Aim of the exercise: Omit the pictures, then write out every entry exactly as it reads.

Image-caption web data
——————

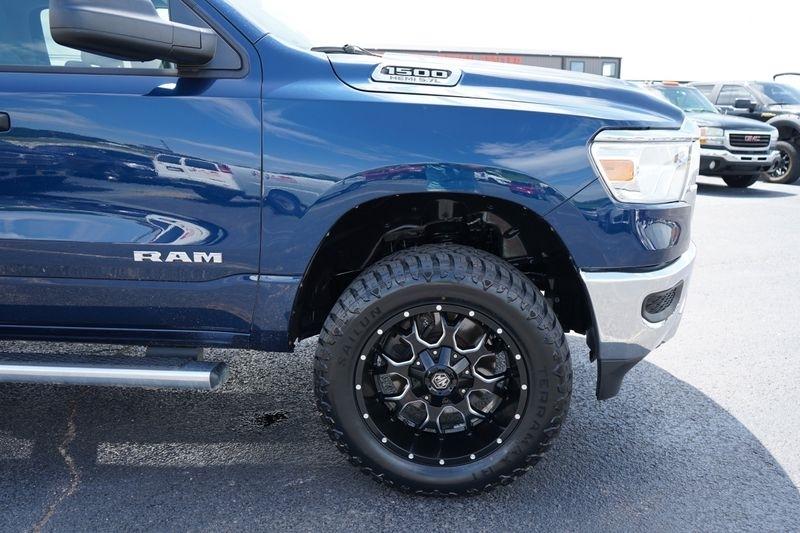 RAM 1500 Tradesman 4x4 Quad Cab 6'4" Box 2019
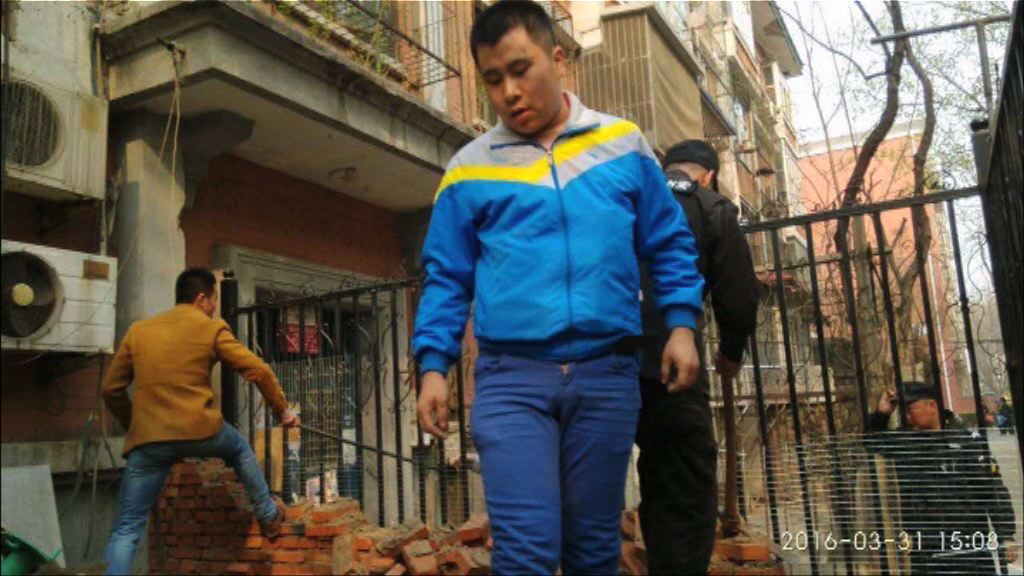 高瑜家被指違章建築與城管發生爭執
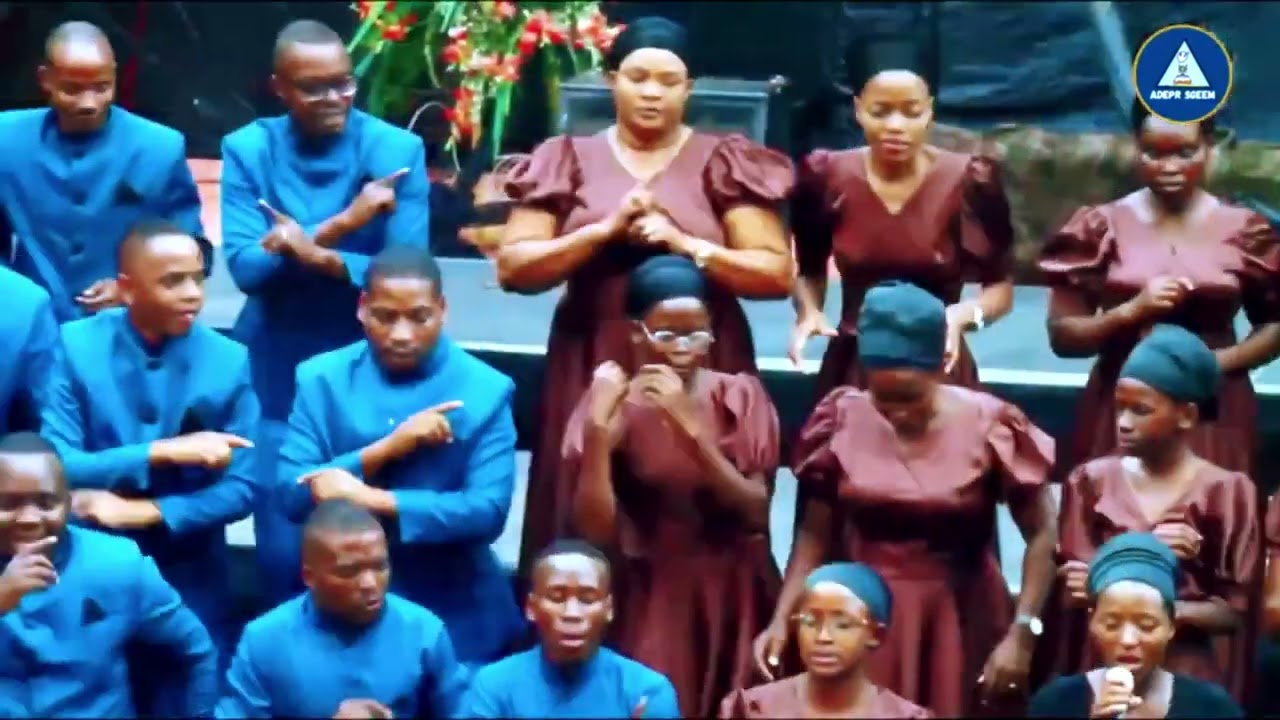 DUFITE IMANA YUMVA BY RUBONOBONO CHOIR// live parfomance at SEGEM CHURCH 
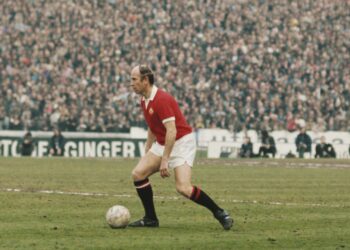 quem-e-bobby-charlton
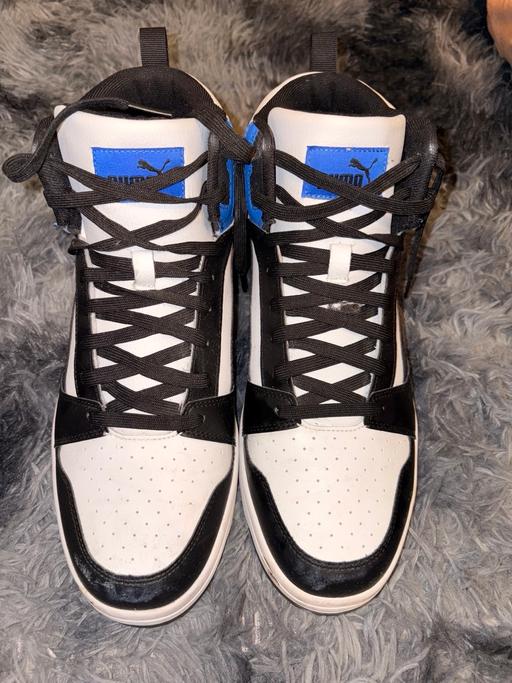 Buy & Sell Dorset Bournemouth, Christchurch and Poole - Photos for Blue and white Puma sneakers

——————

Answer to the problem:
 RAM 1500 Tradesman 4x4 Quad Cab 6'4" Box 2019
 高瑜家被指違章建築與城管發生爭執
 DUFITE IMANA YUMVA BY RUBONOBONO CHOIR// live parfomance at SEGEM CHURCH 
 quem-e-bobby-charlton
 Buy & Sell Dorset Bournemouth, Christchurch and Poole - Photos for Blue and white Puma sneakers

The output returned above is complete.